What we're observing here and in many other different places is the classic problem of technological advancement: Powerful tools in untrained/unexperienced hands. Each of us here has seen the internet/web grow and trivial-to-stupid data-collection services come over us like the plaque. We have a natural negative reaction to post non-anonymous content online or giving some corporation or the public all our data just because they offer a flaky lock-in version of IRC or microblogging. For most users however, that is a very normal thing to do. I cringe each time I see others exposing themselves to abuse and fraud by posting everything under their real name and data. They are one identity theft or one online stalker away from having their entire life turned into living hell.
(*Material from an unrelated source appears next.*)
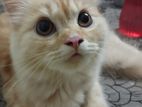 Persian Ginger Cat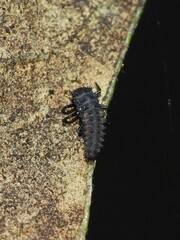 Harmonia axyridis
I set up my daughters Ubuntu Netbook with two mailaccounts, one fake on with a pseudonym and one with her name. I told her to specifically use the latter only for official real-world stuff - sending in homework, applying for some course, etc. and the other for everthing else.
When she went off for a student exchange in Malaysia, she set up a another seperate pseudonymed online Facebook account for the occasion, to be able to cut it lose should things get out of hand. That's daddys smart girl.
Fake/pseudonymed accounts and a general base paranoia about all things online is a must these days if you don't want to be over-exposed to crap from immature teenagers.
I'm glad my daughter caught the drift and didn't wave off her daddys advice on this matter.